┌────────

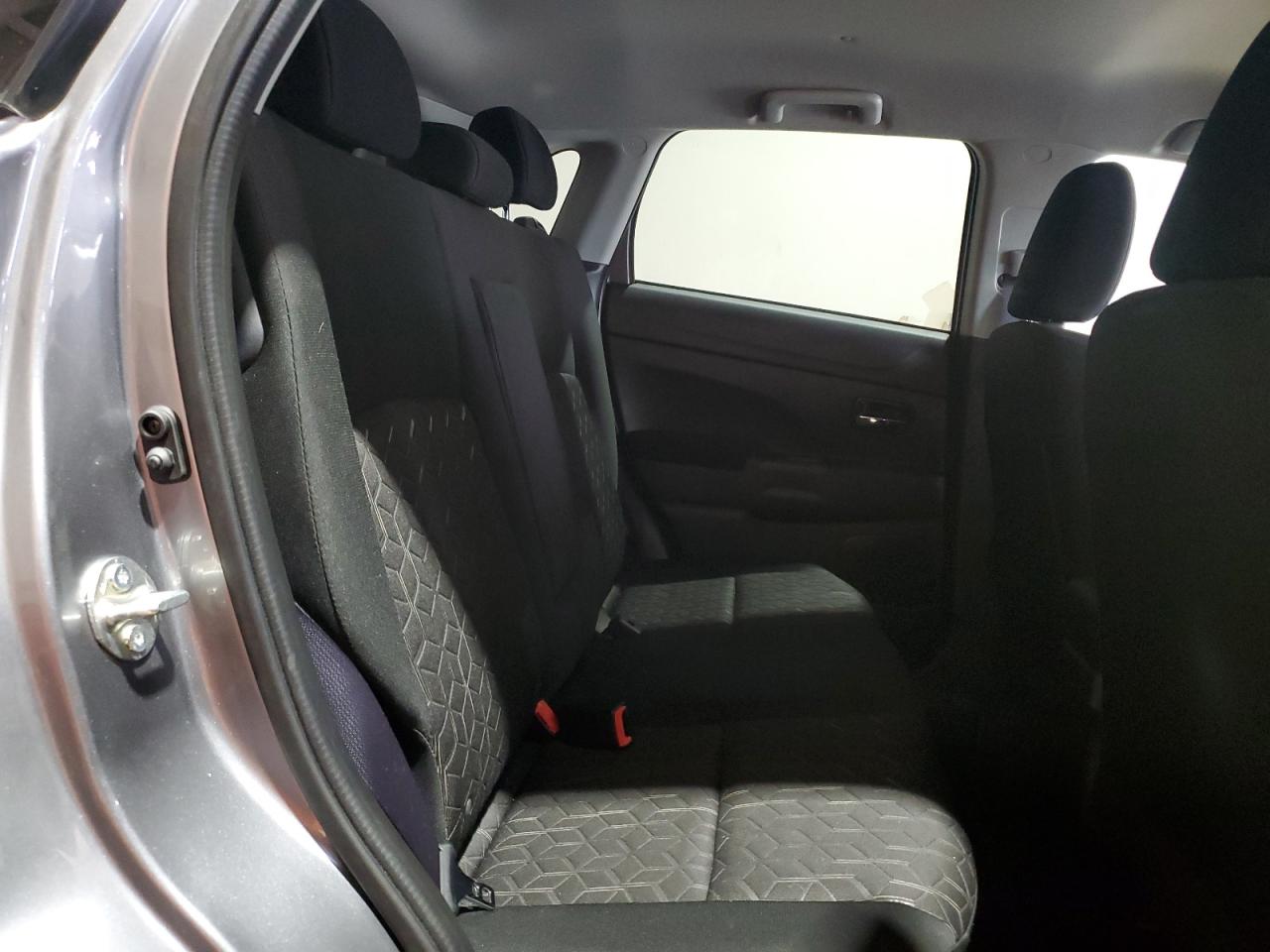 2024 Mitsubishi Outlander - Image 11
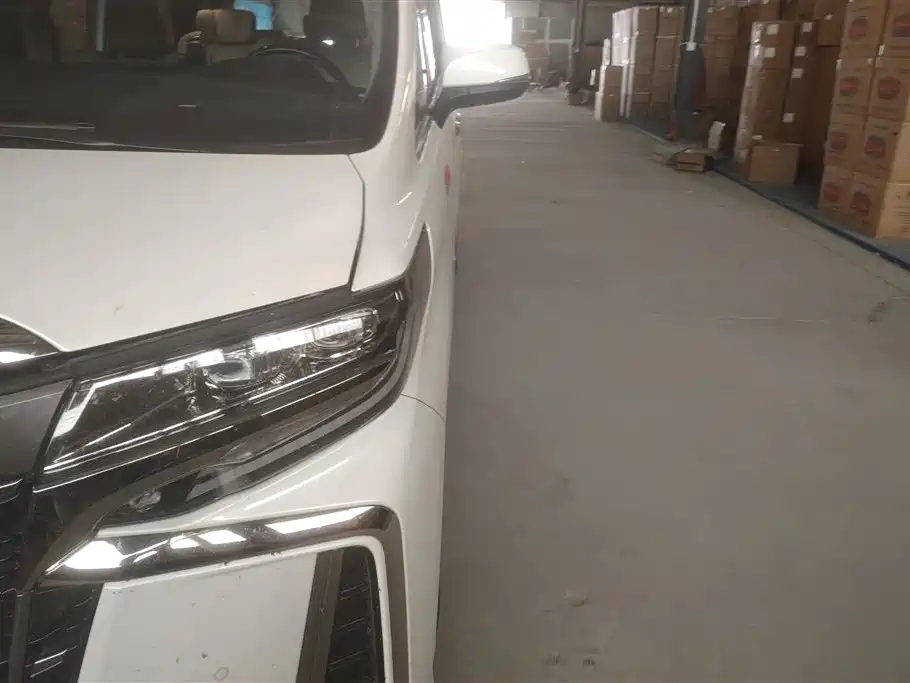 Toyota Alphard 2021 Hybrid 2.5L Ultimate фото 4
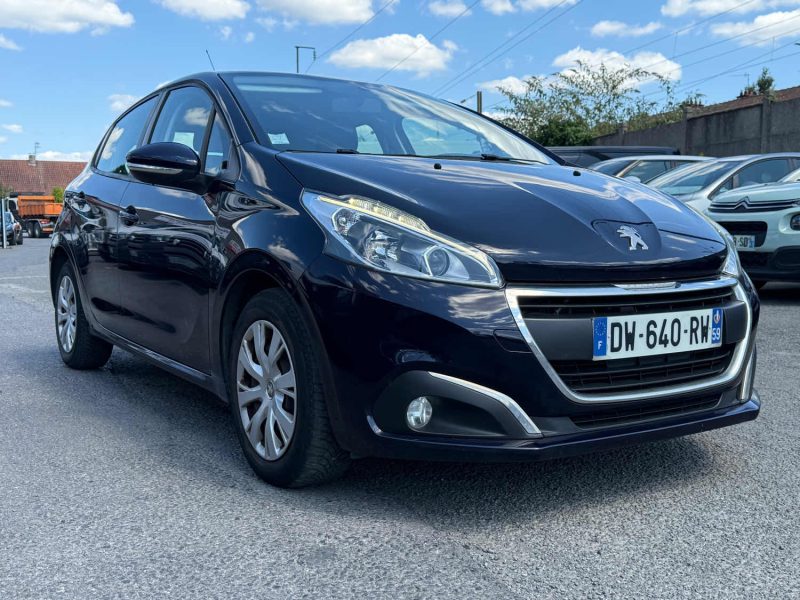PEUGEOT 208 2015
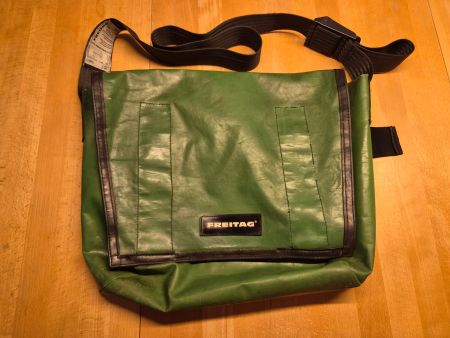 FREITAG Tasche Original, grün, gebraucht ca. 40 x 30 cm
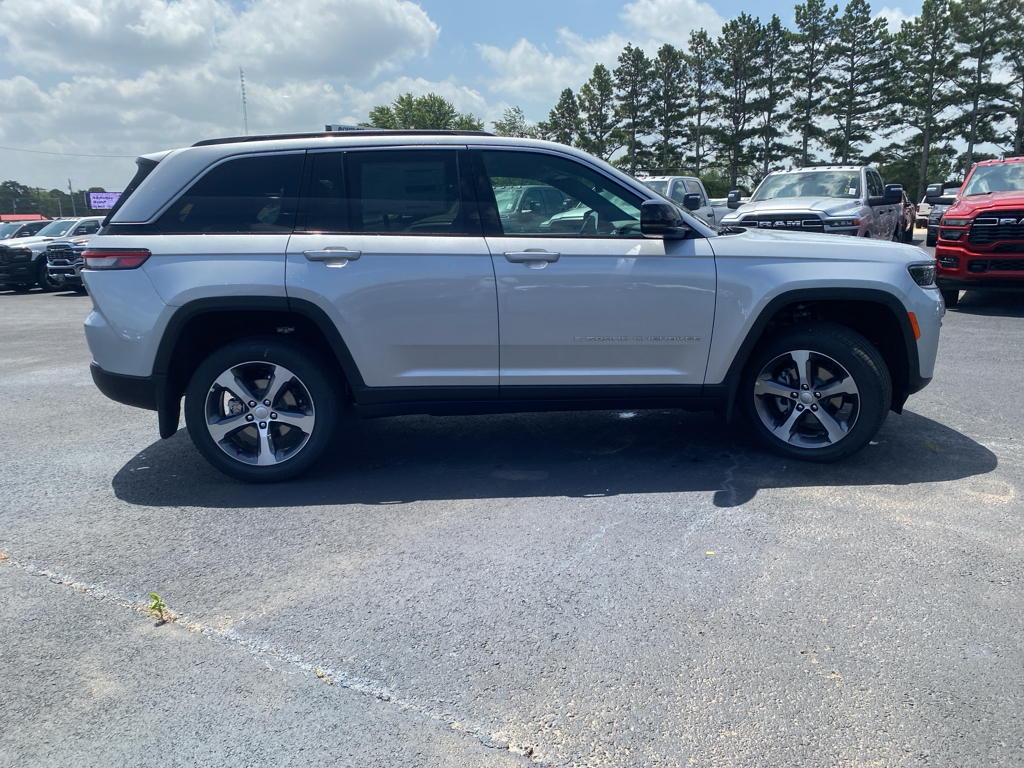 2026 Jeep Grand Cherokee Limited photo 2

└────────
┌────────

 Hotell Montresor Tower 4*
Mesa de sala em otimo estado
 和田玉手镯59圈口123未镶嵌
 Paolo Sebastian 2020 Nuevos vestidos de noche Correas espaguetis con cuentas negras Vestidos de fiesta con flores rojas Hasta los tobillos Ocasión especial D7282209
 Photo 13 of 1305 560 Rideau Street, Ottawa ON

└────────
┌────────

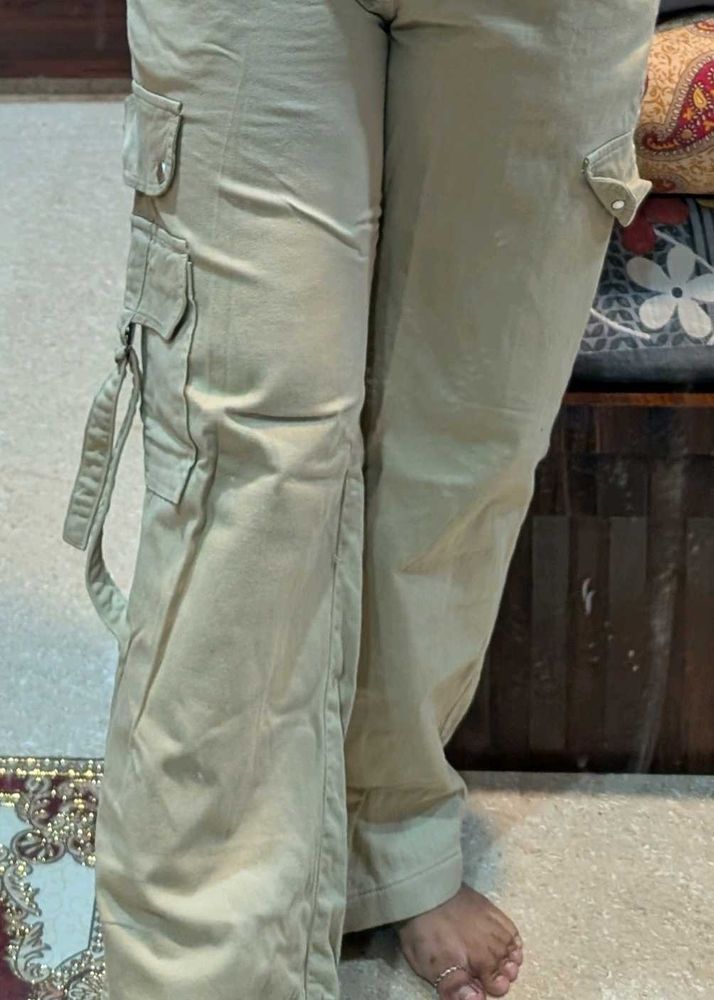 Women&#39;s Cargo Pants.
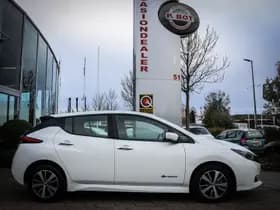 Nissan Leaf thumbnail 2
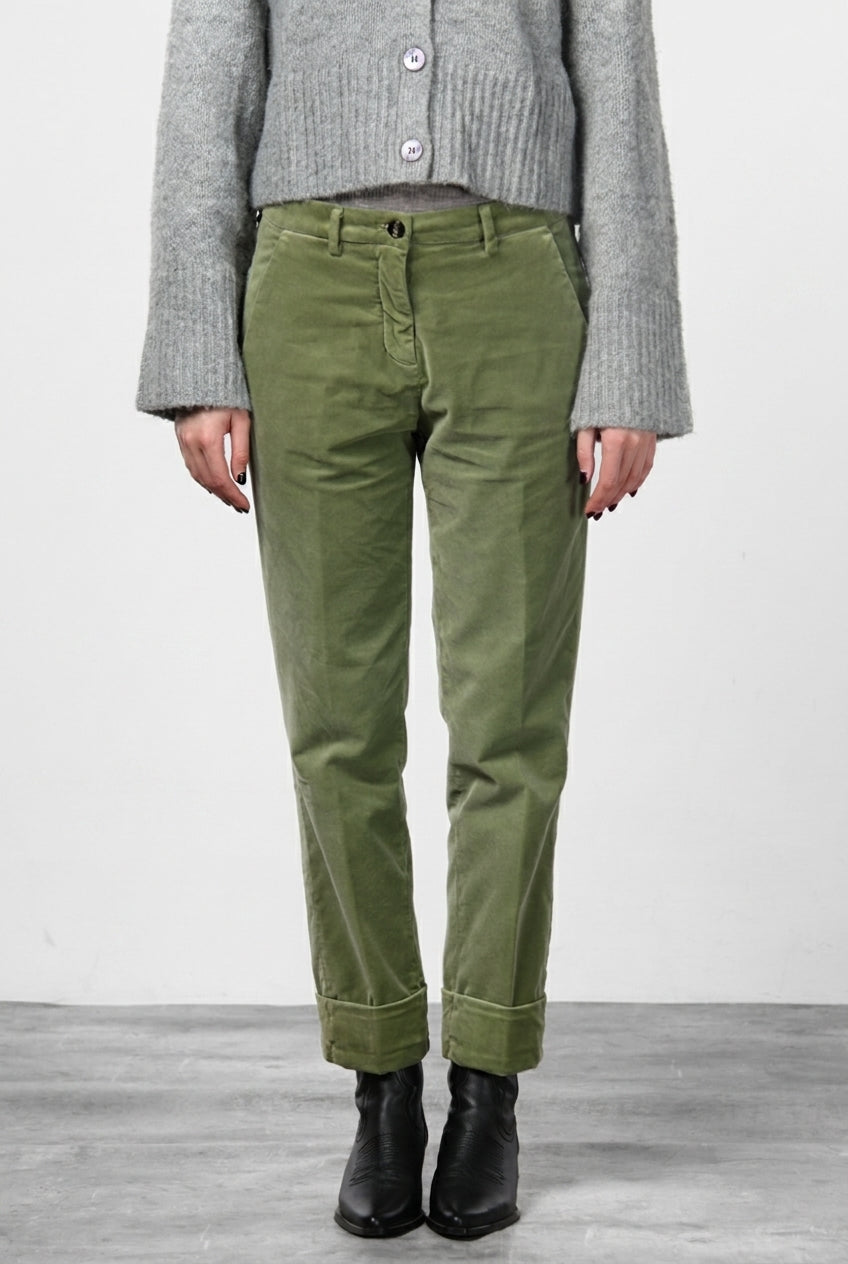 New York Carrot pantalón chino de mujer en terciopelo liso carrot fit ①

└────────

#### Task
In the listing above, find the line containing "和田玉手镯59圈口123未镶嵌" and the line containing "Photo 13 of", then repeat those two lines and everything between them exactly.

#### Answer to the exercise
 和田玉手镯59圈口123未镶嵌
 Paolo Sebastian 2020 Nuevos vestidos de noche Correas espaguetis con cuentas negras Vestidos de fiesta con flores rojas Hasta los tobillos Ocasión especial D7282209
 Photo 13 of 1305 560 Rideau Street, Ottawa ON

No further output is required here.